Sociometry: Social Network Analysis

If we carefully observe the drawing next to this text, it may seem to us like a human eye in formation: the colored part could be a pupil, while the many dots surrounding it make up the contour of the organ we use to detect light. If we were to be more specific, we would be able to distinguish certain wandering dots, moving away from the periphery that would eventually become other parts of the eye, not yet integrated into the cornea.

If we were to zoom in on the pupil, we may be able to notice that it is made up of many small dots joined together by edges; some dots have many lines connecting them to others, while others have few.

The sea of medusas, octopuses, and hybrids that each of these connections become slowly forms a web. Better yet, a network: a system sensitive to the changes in lighting, able to transform light into electric impulses that create a representation of reality. In this case, they give us a way of seeing virtual reality.

Sociograma #YoSoy132

Moving away from medusa metaphors, what we find in this image is not a visual representation of our optical organ, but a sociometric study of the virtual community formed around the social movement called #YoSoy132. Each dot represents a Twitter profile, while their interactions are drawn in the form of edges. The size of the dots is proportional to the amount of links (ins and outs) of each profile: the bigger ones mean a higher degree of connection, while the smaller ones represent a lower degree. Each color represents a different tribe. By tribe, we mean a group of people linked by conversation subjects that were discussed within the digital community and visually represented in the edges.

Last but not least, the contour of the cornea (the wandering dots we described earlier) symbolize the “nomads”: those members of the community that do not link to anyone else, but were also speaking of the same subject that moved the rest of the network.

After this explanation one may ask oneself, what’s the use of a sociometric study? And here lies the answer.

In general terms, sociometries allow us to take an X-ray of any cybernetic get-together. They use a statistical method coined by Harre and Lamb in 1990 called Analysis of the Main Components, in which the correlation between a number of variables within a dataset is reduced and visually represented. This means that we can obtain an image or graph from the information we feed the program, and thus identify patterns, links and correlations: basically, the image helps us identify the position that each individual actor holds within an online community, as well as the network’s overall structure (Sánchez, 1992).

In more poetic terms, the eye we discussed earlier gives us the opportunity to visualize digital tribes, Tribe Leaders (the dots with the greatest amount of links and influence), and the interactions of each of the individuals that makes up a digital community.

However, for this technique to be of any use, we must go beyond the structure and the position of each individual actor.
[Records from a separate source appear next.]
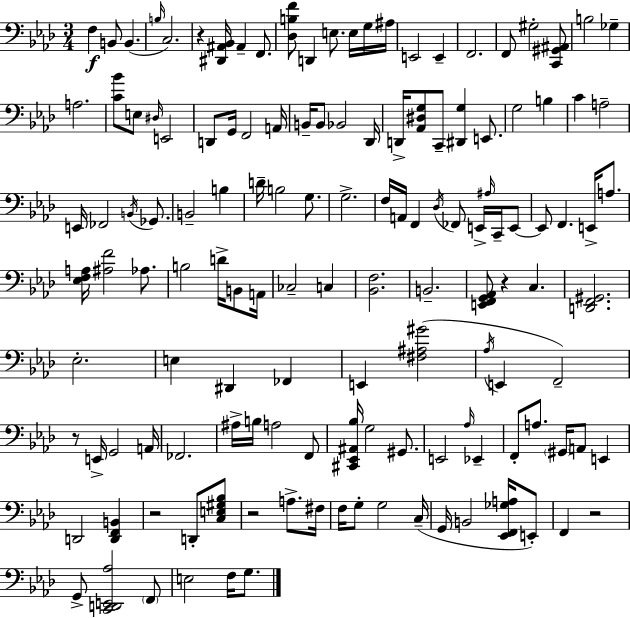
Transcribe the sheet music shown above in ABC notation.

X:1
T:Untitled
M:3/4
L:1/4
K:Ab
F, B,,/2 B,, B,/4 C,2 z [^D,,^A,,_B,,]/4 ^A,, F,,/2 [_D,B,F]/2 D,, E,/2 E,/4 G,/4 ^A,/4 E,,2 E,, F,,2 F,,/2 ^G,2 [C,,^G,,^A,,]/2 B,2 _G, A,2 [C_B]/2 E,/2 ^D,/4 E,,2 D,,/2 G,,/4 F,,2 A,,/4 B,,/4 B,,/2 _B,,2 _D,,/4 D,,/4 [_A,,^D,G,]/2 C,,/2 [^D,,G,] E,,/2 G,2 B, C A,2 E,,/4 _F,,2 B,,/4 _G,,/2 B,,2 B, D/4 B,2 G,/2 G,2 F,/4 A,,/4 F,, _D,/4 _F,,/2 E,,/4 ^A,/4 C,,/4 E,,/2 E,,/2 F,, E,,/4 A,/2 [_E,F,A,]/4 [^A,F]2 _A,/2 B,2 D/4 B,,/2 A,,/4 _C,2 C, [_B,,F,]2 B,,2 [E,,F,,G,,_A,,]/2 z C, [D,,F,,^G,,]2 _E,2 E, ^D,, _F,, E,, [^F,^A,^G]2 _A,/4 E,, F,,2 z/2 E,,/4 G,,2 A,,/4 _F,,2 ^A,/4 B,/4 A,2 F,,/2 [^C,,_E,,^A,,_B,]/4 G,2 ^G,,/2 E,,2 _A,/4 _E,, F,,/2 A,/2 ^G,,/4 A,,/2 E,, D,,2 [D,,F,,B,,] z2 D,,/2 [C,E,^G,_B,]/2 z2 A,/2 ^F,/4 F,/4 G,/2 G,2 C,/4 G,,/4 B,,2 [_E,,F,,_G,A,]/4 E,,/2 F,, z2 G,,/2 [C,,D,,E,,_A,]2 F,,/2 E,2 F,/4 G,/2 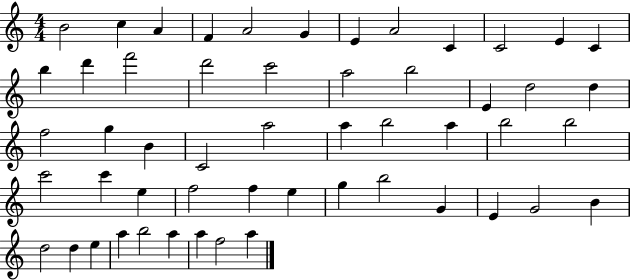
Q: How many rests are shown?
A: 0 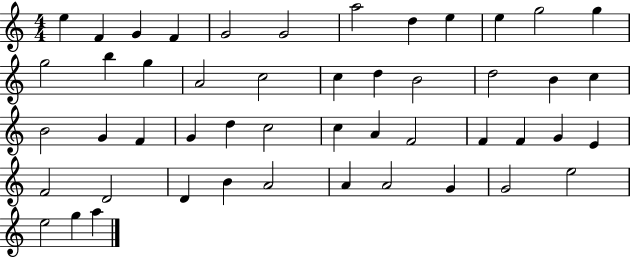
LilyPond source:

{
  \clef treble
  \numericTimeSignature
  \time 4/4
  \key c \major
  e''4 f'4 g'4 f'4 | g'2 g'2 | a''2 d''4 e''4 | e''4 g''2 g''4 | \break g''2 b''4 g''4 | a'2 c''2 | c''4 d''4 b'2 | d''2 b'4 c''4 | \break b'2 g'4 f'4 | g'4 d''4 c''2 | c''4 a'4 f'2 | f'4 f'4 g'4 e'4 | \break f'2 d'2 | d'4 b'4 a'2 | a'4 a'2 g'4 | g'2 e''2 | \break e''2 g''4 a''4 | \bar "|."
} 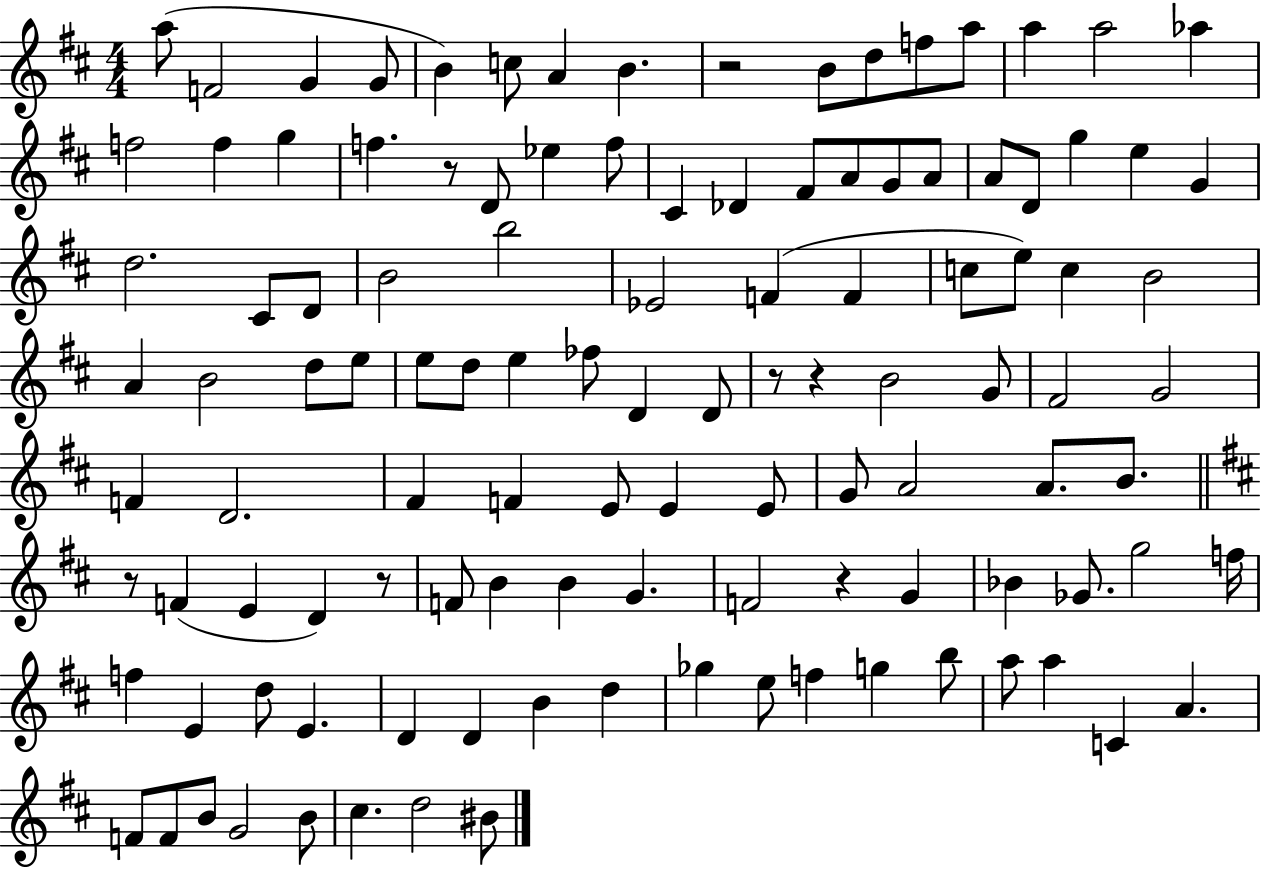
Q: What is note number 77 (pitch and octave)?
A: G4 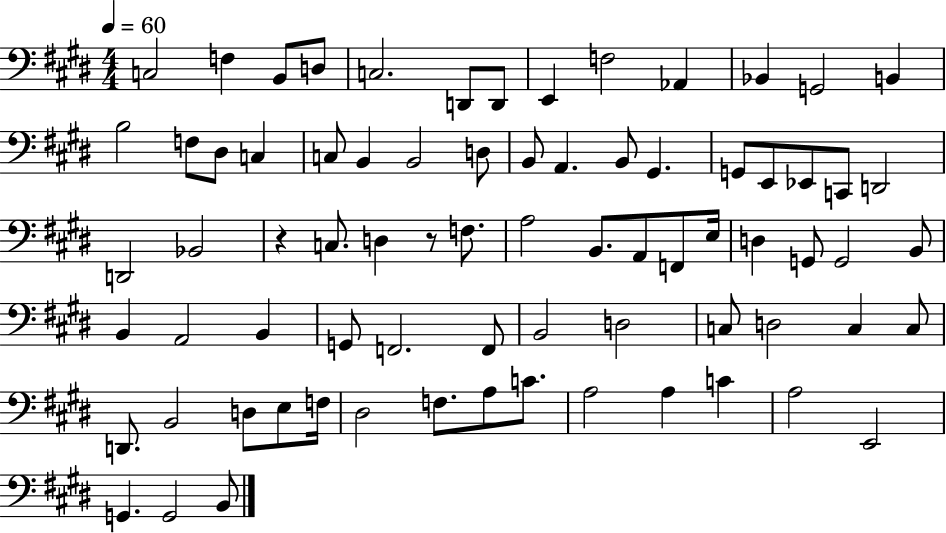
C3/h F3/q B2/e D3/e C3/h. D2/e D2/e E2/q F3/h Ab2/q Bb2/q G2/h B2/q B3/h F3/e D#3/e C3/q C3/e B2/q B2/h D3/e B2/e A2/q. B2/e G#2/q. G2/e E2/e Eb2/e C2/e D2/h D2/h Bb2/h R/q C3/e. D3/q R/e F3/e. A3/h B2/e. A2/e F2/e E3/s D3/q G2/e G2/h B2/e B2/q A2/h B2/q G2/e F2/h. F2/e B2/h D3/h C3/e D3/h C3/q C3/e D2/e. B2/h D3/e E3/e F3/s D#3/h F3/e. A3/e C4/e. A3/h A3/q C4/q A3/h E2/h G2/q. G2/h B2/e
The real task is to understand the sociometric map using social sciences. Psychology, sociology, and anthropology become tools that help the analyst understand the conversations and meanings exchanged by the members of each network. Just like Avatar’s Jake Sully, he or she must interact with the community to try to identify the social dynamics behind each interaction, be it online or face to face (through interviews, content analysis, etc.). Pandora’s clan life and meaning only became clear to Sully when he agreed to live as they lived.

Networks have become the reigning paradigm under which we see the world; the art of trying to understand them has become a discipline, much like cartography was centuries ago (Pisani & Piotet, 2009). However, we must never forget that the value of a network does not depend solely on its size, but on its members and the multiple ways in which they share meaning (Odlyzko & Tilly, 2005). In the end, the key is to use the graph as a map, and hermeneutics as a lens.